This speech consisted of populist feel-good rhetoric meant for self aggrandizement and public self pleasuring for personal gain for the further purpose to increase populist standing without regard to the damage such words would cause…a jewish Trump. While some of the sentiment is correct, it is just that, sentiment, devoid of careful reasoning and positive approach or inspiration to a community regarding the issues addressed.
It is easy to tear down a community and be amongst those who sit in the back of the shul and complain, the “they should” crowd…they should…they should..they should…there should be…there should be…there should be…It is easy to join the “they should” crowd. This was not the sort of rhetoric appropriate for public consumption and will only stoke the coals of populist murmuring and discontent among our congregation; it will cause only further division.
Do you think that every principal and rosh ha’yeshivah has not anguished and cried over every child who can not find a place? This approach was most inappropriate and serves only to deride and tear down. There is little positive here. This was a waste of influence from a most well-meaning wonderful man who has so much ze’uchuth in his pocket who strayed into foreign territory squandering his potential influence and ability for engendering good will and even more importantly, good results…He could have used his position and influence to inspire and offer positive solution without the negative and words of destruction. He most likely regrets terribly his words.

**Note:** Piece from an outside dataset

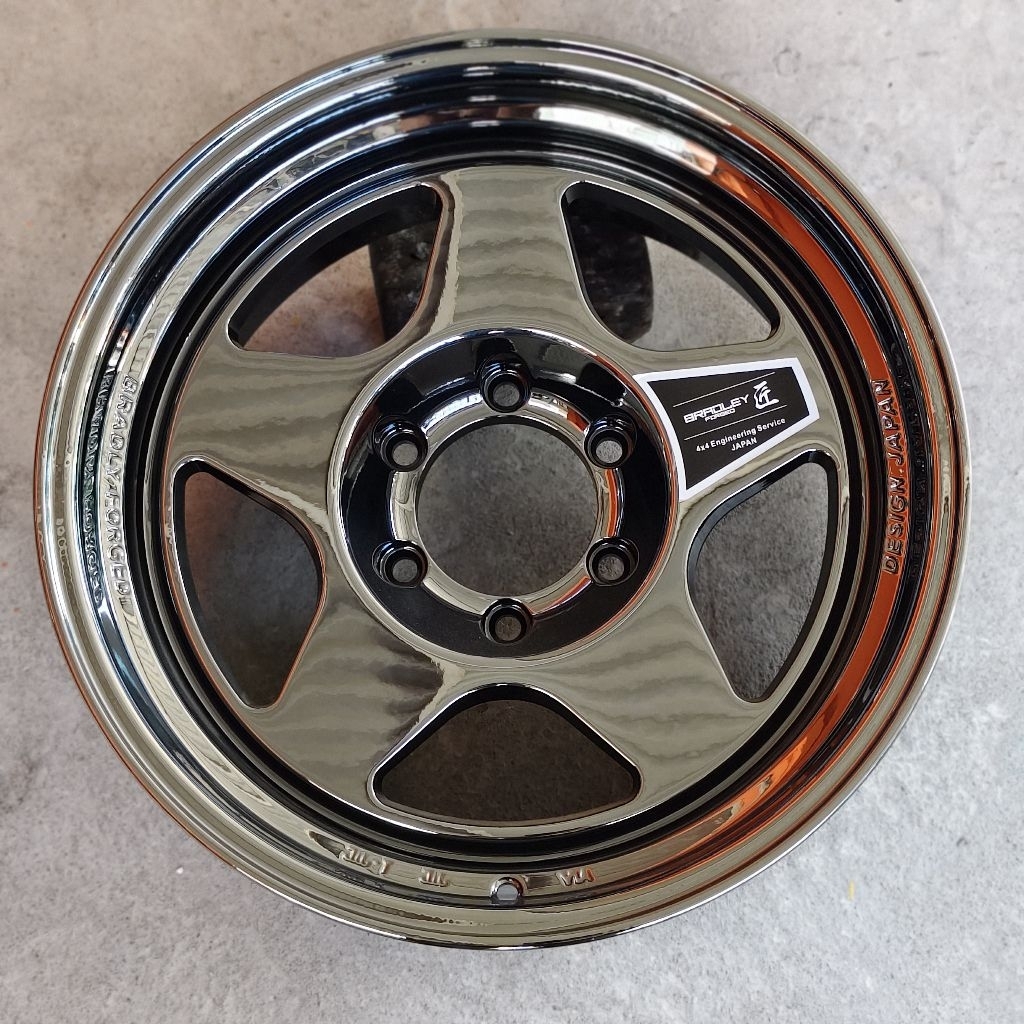 Velg Mobil Bradly Ring18X9 Lobang.6 Pcd.139.7 Et.0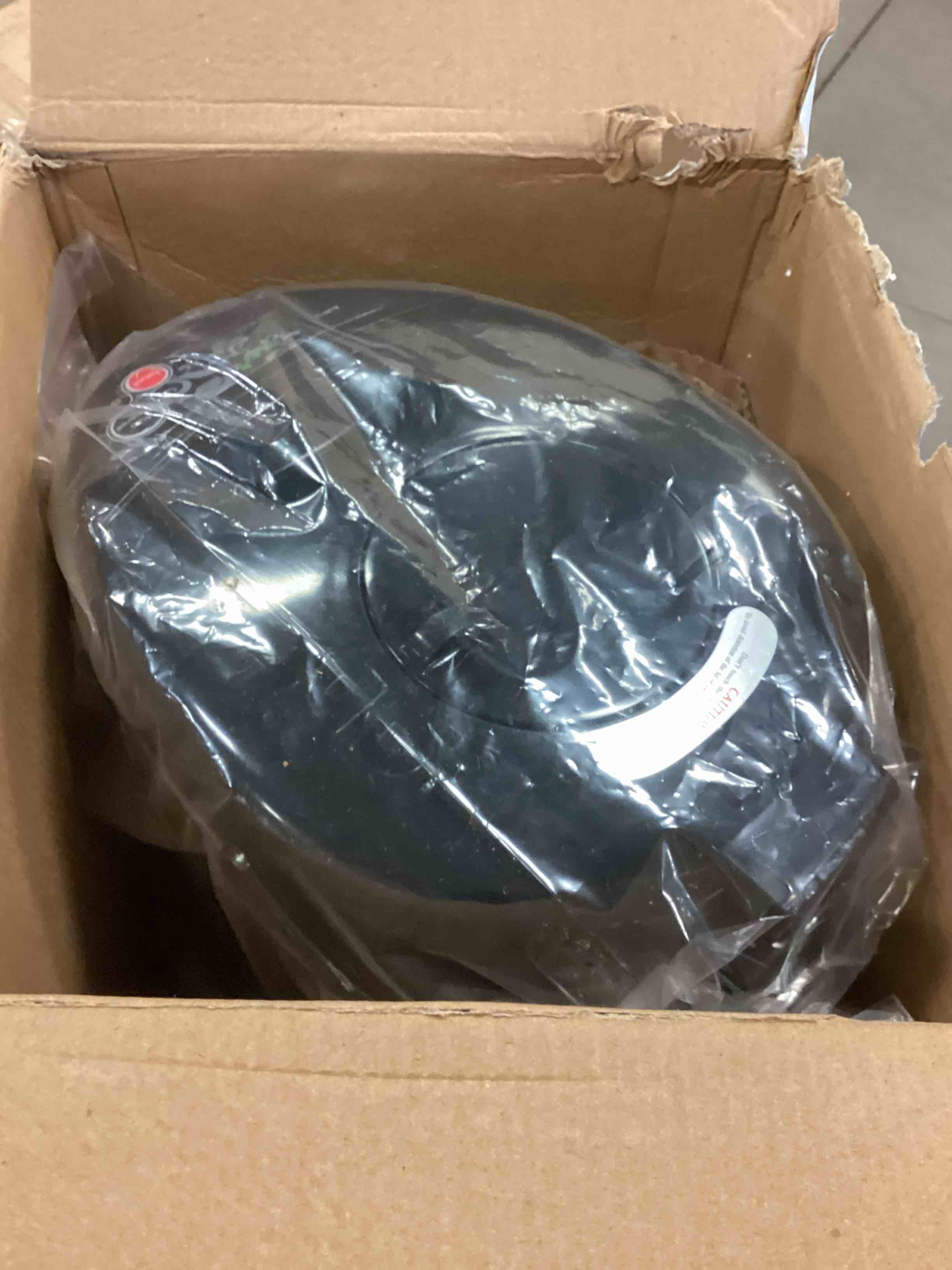 https://s3.amazonaws.com/lotting-images-prod/bidfta/RED5156904_1689002745726.jpeg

Those who write and say that “it is about time…” are mislead by populist sentiment without regard for reality and the good works of others who work behind the scenes for the good of all. The speech which was entirely one-sided left out consideration for the parents who have placed in their child’s mind that he “must” get into such-and-such a school “or else”; if hd doesn’t get in, he will be a failure. Parents are sharing everything which is inappropriate to share with their children these days and discuss in front of their children that which should not be, just to mention one or two small examples. Today, everything is discussed with and in front of our children without regard for what is appropriate and what is not. Every sentiment and “feeling” the parent has is discussed with and in front of the children today without sense of propriety or realization of the potential damage. No wonder the child is heart-broken after having been set up by his own parents. We do not guard our tongues in front of our children…
This is far too involved to fixed with a few posts from be’nei torah on a web-site. May HaShem heal us from this terrible avlah and may we learn from our mistakes and become better people and avdei-HaShem; may we better learn to remember what is appropriate public speech and what is not.